From the listing below, output the lines between the one with "GENE METHYLATION AND" and the one with "Em resposta ao", including those two, and nothing else. Pictures are not copied.

### SOURCE MATERIAL ###

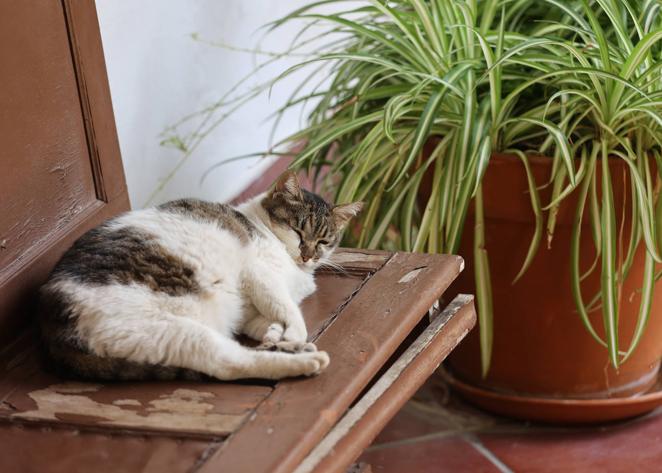 Los problemas del convento de las Capuchinas de Córdoba, en imágenes
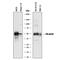 Thymidine Phosphorylase antibody, AF7568, R&D Systems, Western Blot image 
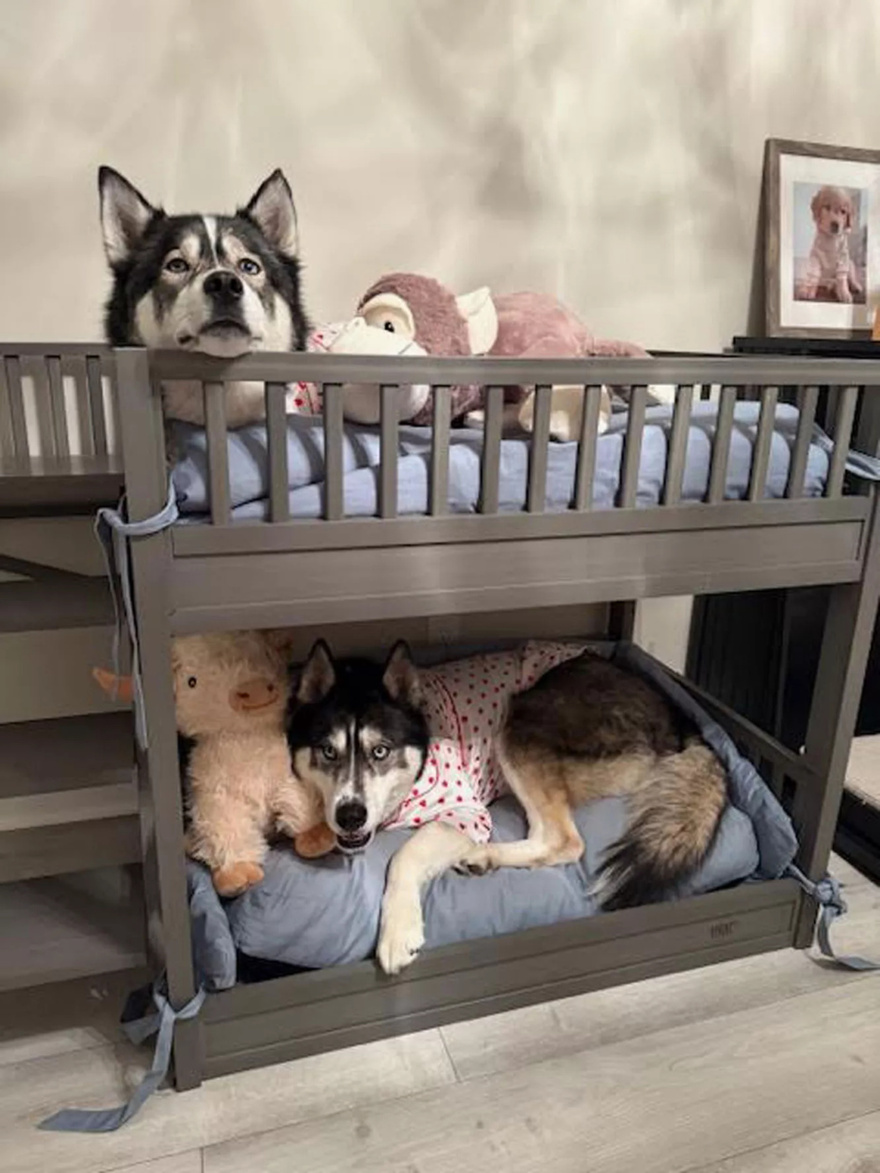 Couple Shares Viral Nighttime Routine for Their Dogs — and Receives Backlash for Putting Them in Pajamas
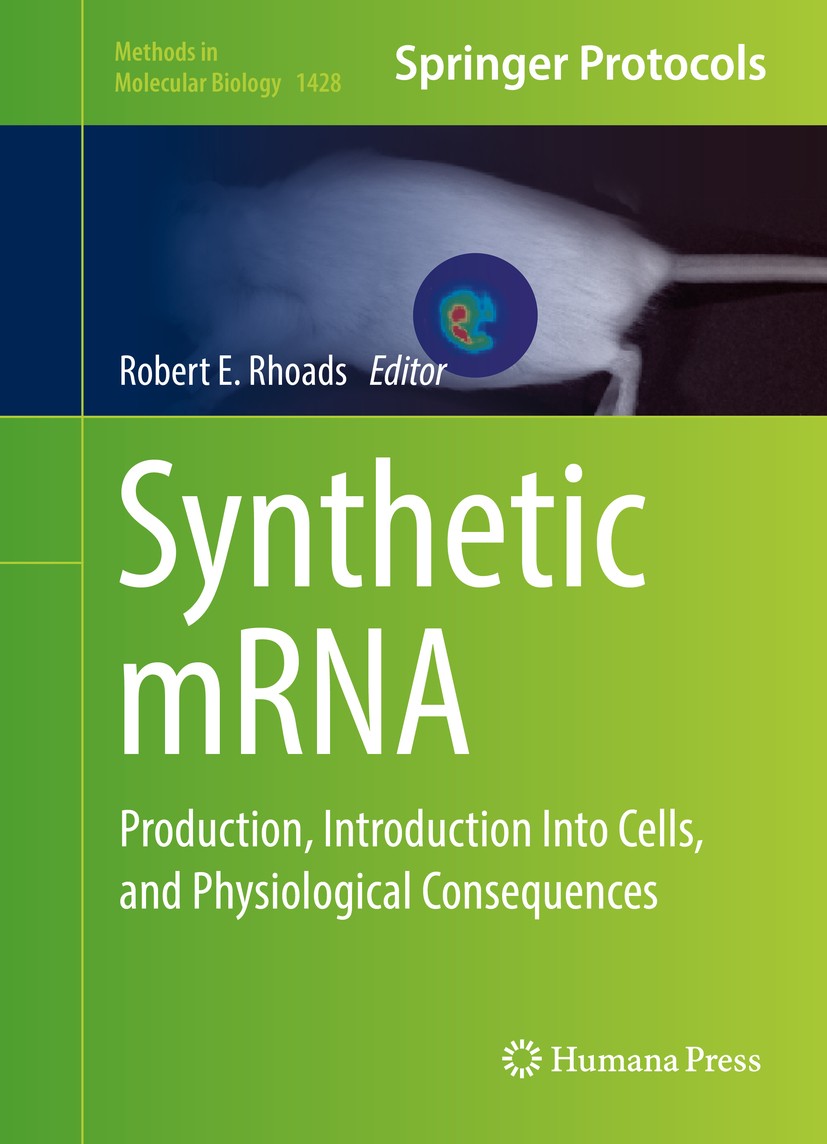 Titlebook: Synthetic mRNA; Production, Introduc Robert E. Rhoads Book 2016 Springer Science+Business Media, LLC, part of Springer Nature 2016 gene the Titlebook: Synthetic mRNA; Production, Introduc Robert E. Rhoads Book 2016 Springer Science+Business Media, LLC, part of Springer Nature 2016 gene the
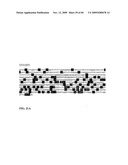 GENE METHYLATION AND EXPRESSION diagram and image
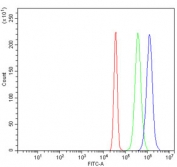 Flow cytometry testing of human SiHa cells with CENPH antibody at 1ug/million cells (blocked with goat sera); Red=cells alone, Green=isotype control, Blue= CENPH antibody.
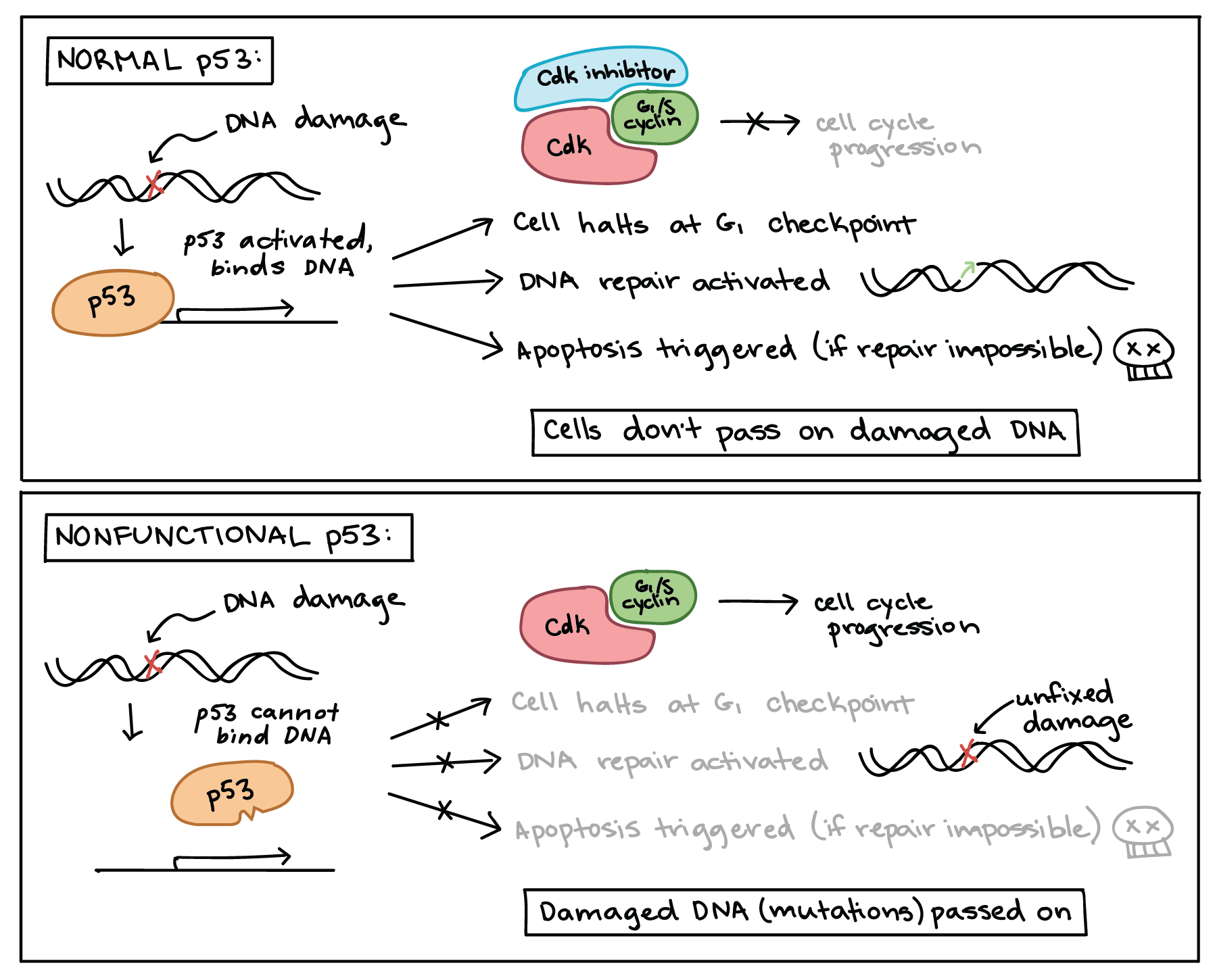 Diagrama mostrando uma p53 normal e uma p53 não funcional.

Em resposta ao dano no DNA, a p53 normal se liga ao DNA e promove a transcrição de genes alvo. Primeiro, a p53 desencadeia a produção de proteínas inibidoras Cdk, pausando o ciclo celular na G1 para permitir que os reparos sejam feitos. A p53 também ativa as vias de reparo do DNA. Finalmente, se não for possível reparar o DNA, a p53 aciona a apoptose. O efeito concreto das ações da p52 é impedir que o DNA danificado seja herdado, seja por reparar o dano ou por fazer com que a célula se autodestrua.

Quando a célula contém apenas p53 não funcionais que não conseguem se ligar ao DNA, o dano no DNA não pode mais desencadear essas respostas. Apesar da p53 ainda ser ativada pelo dano, ela é incapaz de responder, pois não consegue mais regular a transcrição de seus alvos. Assim, a célula não pausa a G1, o DNA danificado não é reparado e a apoptose não é induzida. O efeito concreto da perda de p53 é permitir que os danos (mutações) no DNA sejam passados adiante para as células-filhas.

###

• ANSWER SECTION:
 GENE METHYLATION AND EXPRESSION diagram and image
 Flow cytometry testing of human SiHa cells with CENPH antibody at 1ug/million cells (blocked with goat sera); Red=cells alone, Green=isotype control, Blue= CENPH antibody.
 Diagrama mostrando uma p53 normal e uma p53 não funcional.

Em resposta ao dano no DNA, a p53 normal se liga ao DNA e promove a transcrição de genes alvo. Primeiro, a p53 desencadeia a produção de proteínas inibidoras Cdk, pausando o ciclo celular na G1 para permitir que os reparos sejam feitos. A p53 também ativa as vias de reparo do DNA. Finalmente, se não for possível reparar o DNA, a p53 aciona a apoptose. O efeito concreto das ações da p52 é impedir que o DNA danificado seja herdado, seja por reparar o dano ou por fazer com que a célula se autodestrua.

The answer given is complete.